Google Gemini is the **only major AI provider** with native video understanding—Claude doesn't support video, and GPT-4o requires frame extraction workarounds. Merleau is the first CLI that actually understands video rather than analyzing frames.

## Features

- **Native Gemini video processing** - Upload and analyze videos directly
- **YouTube URL support** - Analyze videos directly from YouTube (free preview)
- **Customizable prompts** - Ask any question about your video
- **Cost estimation** - Token usage tracking and cost breakdown
- **Multiple models** - Support for different Gemini models
- **Web UI** - Streamlit app for browser-based analysis

## Use cases

### Clone apps

Take a screencast of your app and ask:
- "What are the main features of this app?"
- "What are the main UI elements?"
- "What are the main user flows?"

### Extract code from a coding screencast

```bash
ponty https://www.youtube.com/watch?v=Be0ceKN81S8 -p "Extract the text in the first claude code session" -e md
```

![playwright-cli-claude-code](img/playwright-cli-claude-code.png)

## Installation

Using [uv](https://docs.astral.sh/uv/) (recommended):
```bash
uv sync
```

Or install from PyPI:
```bash
pip install merleau
```

## Configuration

1. Get a Gemini API key from [Google AI Studio](https://aistudio.google.com/apikey)
2. Set the API key as an environment variable or create a `.env` file:
   ```
   GEMINI_API_KEY=your_api_key_here
   ```

## Usage

```bash
# Basic video analysis
ponty video.mp4

# Analyze a YouTube video directly
ponty https://youtu.be/VIDEO_ID
ponty https://www.youtube.com/watch?v=VIDEO_ID

# Custom prompt
ponty video.mp4 -p "Summarize the key points in this video"

# Use a different model
ponty video.mp4 -m gemini-2.0-flash

# Export analysis to markdown
ponty video.mp4 -e md

# Hide cost information
ponty video.mp4 --no-cost
```

### Web UI

**Try it online:** https://merleau.streamlit.app/

The web app supports both file uploads and YouTube URLs (paste a URL in the YouTube tab to preview and analyze directly).

Or run locally:
```bash
pip install merleau[web]
streamlit run streamlit_app.py
```

### Options

| Option | Description |
|--------|-------------|
| `-p, --prompt` | Prompt for the analysis (default: "Explain what happens in this video") |
| `-m, --model` | Gemini model to use (default: gemini-2.5-flash) |
| `-e, --export` | Export analysis to file (supported formats: md) |
| `--no-cost` | Hide usage and cost information |
| `-V, --version` | Show version and exit |

## Reducing Costs with Compression

Compressing videos before analysis can reduce API costs by ~10-15% without degrading analysis quality. Gemini's token count is affected by video resolution and bitrate.
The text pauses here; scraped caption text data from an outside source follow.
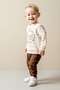 Baby Boy Vest Tracksuit Set - 6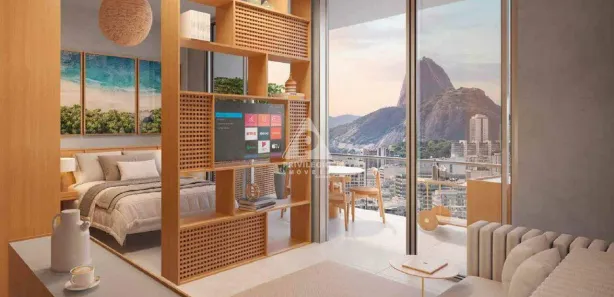 Apartamento com 1 Quarto à venda, 77m² no Humaitá, Rio de Janeiro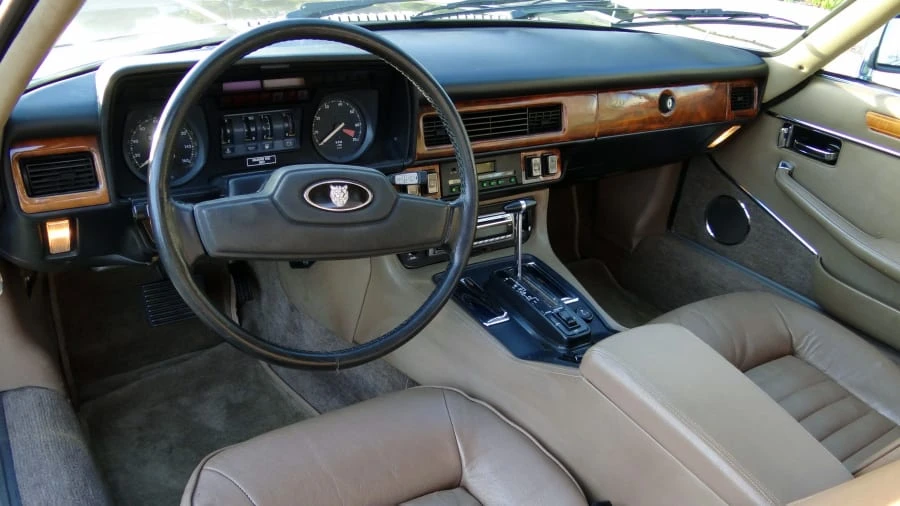 1986 Jaguar XJS Pre-Facelift V12 - Image 9 of 15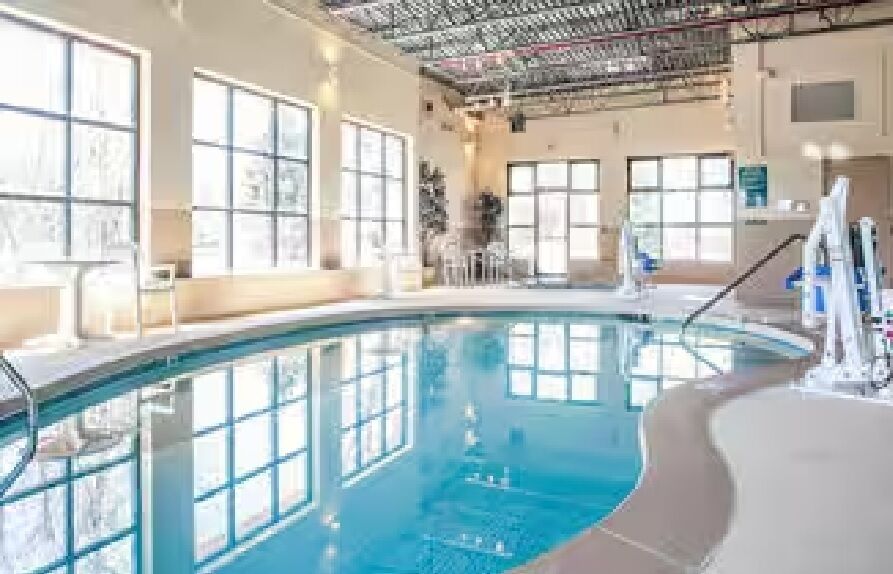 Indoor pool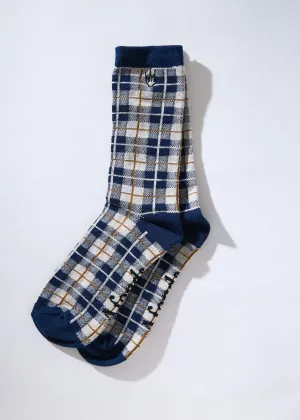 Afends Unisex Corrupt - Socks One Pack - Macadamia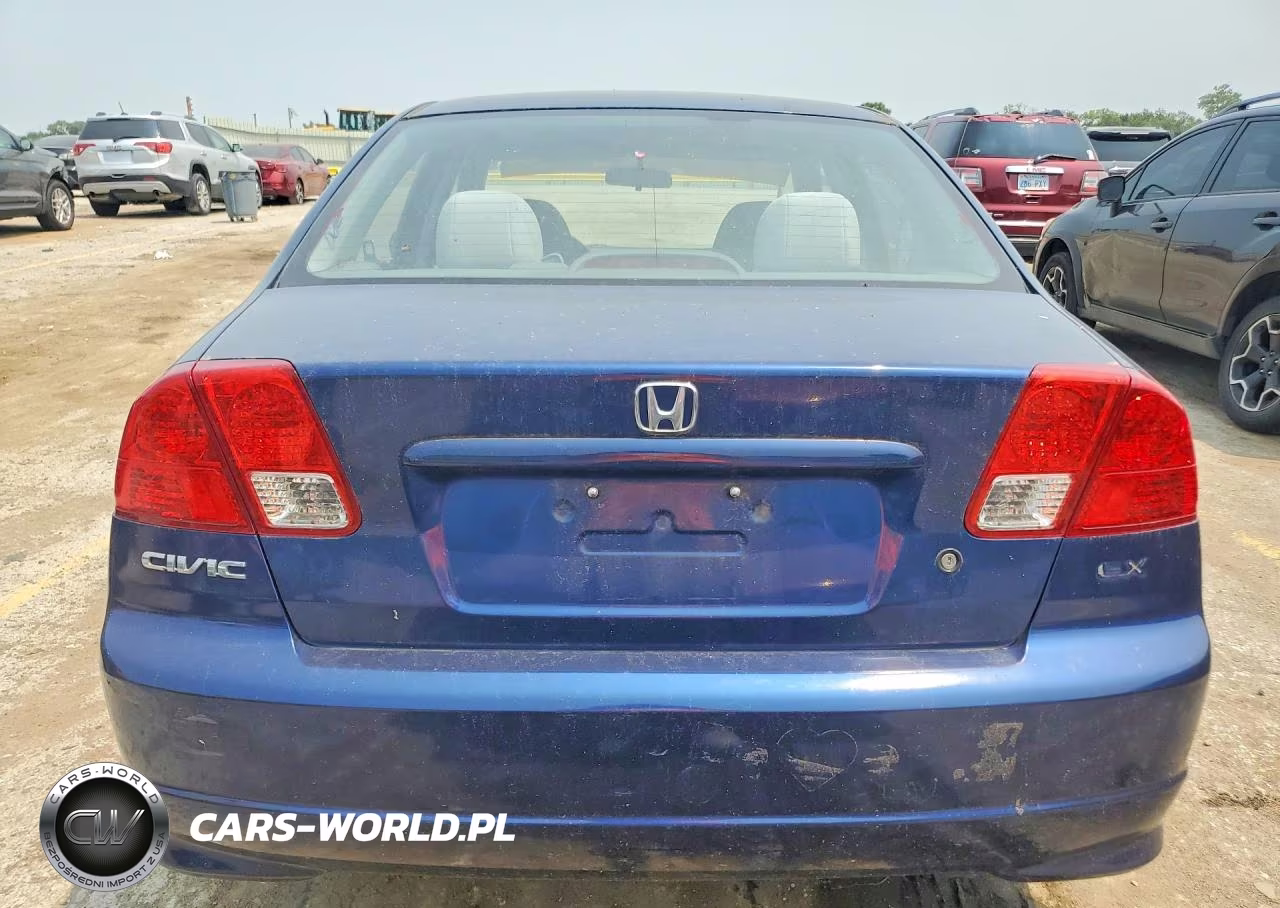 2005 Honda Civic Ex VIN:1HGES267X5L014060 - 6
### Quick Compression with ffmpeg

```bash
# Basic compression (recommended)
ffmpeg -i input.mp4 -vcodec libx264 -crf 28 -preset medium -vf "scale=1280:-2" output.mp4

# Aggressive compression (smaller file, lower quality)
ffmpeg -i input.mp4 -vcodec libx264 -crf 32 -preset medium -vf "scale=640:-2" output.mp4

# Keep audio (for speech analysis)
ffmpeg -i input.mp4 -vcodec libx264 -crf 28 -preset medium -vf "scale=1280:-2" -acodec aac -b:a 128k output.mp4
```

### Compression Options Explained

| Option | Description |
|--------|-------------|
| `-crf 28` | Quality level (18-28 recommended, higher = smaller file) |
| `-preset medium` | Encoding speed/quality tradeoff |
| `-vf "scale=1280:-2"` | Resize to 1280px width, maintain aspect ratio |
| `-an` | Remove audio (if not needed) |
| `-acodec aac -b:a 128k` | Compress audio to 128kbps AAC |

### Cost Comparison Example

| Version | File Size | Prompt Tokens | Input Cost |
|---------|-----------|---------------|------------|
| Original (1080p) | 52 MB | 14,757 | $0.00221 |
| Compressed (720p) | 2.6 MB | 13,157 | $0.00197 |
| **Savings** | **95%** | **10.8%** | **10.8%** |

## Output

The CLI provides:
- Video content analysis from Gemini
- Token usage breakdown (prompt, response, total)
- Estimated cost based on Gemini pricing

## Pricing Reference

Gemini 2.5 Flash (as of 2025):
- Input: $0.15 per 1M tokens (text/image), $0.075 per 1M tokens (video)
- Output: $0.60 per 1M tokens, $3.50 for thinking tokens

A 1-hour video costs approximately **$0.11-0.32** to analyze.